The supreme court has no authority to pronounce a judgment or decree upon the question whether a proposed law or ordinance will be valid and constitutional is enacted by a legislative body or adopted by the electors. Where the mandatory provisions of the constitution or statute prescribing the necessary preliminary steps to authorize the submission to the electors of an initiative statute or ordinance have been complied with the submission will not be enjoined (Pfeiffer v. Graves, Secretary of State, 88 Ohio St. 473, approved and followed) : Cincinnati v. Hillenbrand, 103 O. S. 286.
The time during which an election on an initiative ordinance is enjoined, is to be deducted in determining when such election is to be held: Cincinnati v. Hillenbrand, 103 O. S. 286.
A city ordinance, including one for the submission of the question of choosing a commission to frame a charter, may be attested by a clerk pro tem, duly elected by the council: State ex rel. v. Fouts, 103 O. S. 345.
Injunction is the proper remedy to prevent the expenditure of public money by a board of deputy state supervisors of elections in submitting to the electors a statute or ordinance pursuant to an initiative petition, where mandatory provisions of the constitution or statute prescribing the necessary preliminary steps to authorize such submission have not been complied with. Cincinnati v. Hillenbrand, 103 O. S. 286.
Sec. 4227-2. When Ordinances Shall Take Effect. Referendum Petition. Any ordinance, or other measure passed by the council of any municipal corporation shall be subject to the referendum except as hereinafter provided. No ordinance or other measure shall go into effect until thirty days after it shall have been filed with the mayor of a city or passed by the council in a village, except as hereinafter provided.
When a petition signed by ten per cent of the electors of any municipal corporation shall have been filed with the city auditor or village clerk in such municipal corporation, within thirty days after any ordinance, or other measure shall have been filed with the mayor, or passed by the council of a village, ordering that such ordinance or measure be submitted to the electors of such municipal corporation for their approval or rejection, such city auditor or village clerk shall, after ten days, certify the petition to the board of deputy supervisors of elections of the county wherein such municipality is situated and said board shall cause to be submitted to the electors of such municipal corporation for their approval or rejection, such ordinance, or measure at the next succeeding regular or general election, in any year occurring subsequent to forty days after the filing of such petition.
No such ordinance or measure shall go into effect until approved by the majority of those voting upon the same.
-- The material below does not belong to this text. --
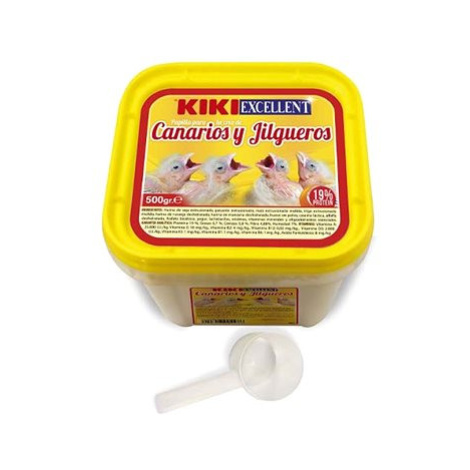 Kiki Excellent krmivo pro ruční odchov kanárků a stehlíků 500 g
Nothing in this act shall prevent a municipality after the passage of any ordinance, or other measure from proceeding at once, to give any notice, or make any publication, required by such ordinance or other measure.
History:-102 v. 521; 103 v. 211; 104 v. 239.
Signatures upon a petition for the referendum of a municipal ordinance or measure may not be withdrawn therefrom nor additional signatures thereto filed after such petition has been certified to the deputy state supervisors of elections nor after the expiration of thirty days subsequent to the filing of such ordinance or measure with the mayor of the city or to the passage thereof by the village council. Op. Atty. Gen. (1915), p. 824.
An ordinance duly passed by a village under section 3939, G. C.,' to issue and sell bonds, which bonds together with others will not exceed one per cent. as specified in section 3940, G. C., is subject to referendum, and the approval of such ordinance "by a majority of those voting upon the same” under section 4227-2, G. C., will be sufficient. Op. Atty. Gen. (1915), p. 1185.
Under the provisions of section 4227-2, G. C. (104 0. L. 238), the thirty days referendum period for an ordinance or resolution, which has been passed or adopted by the council of a city and presented to the mayor for his approval or disapproval, and vetoed by him, and later reconsidered by said council and passed over the mayor's veto, begins with the date the ordinance, or resolution, was originally filed with the mayor after its first passage or adoption. Op. Atty. Gen. (1917), p. 2460.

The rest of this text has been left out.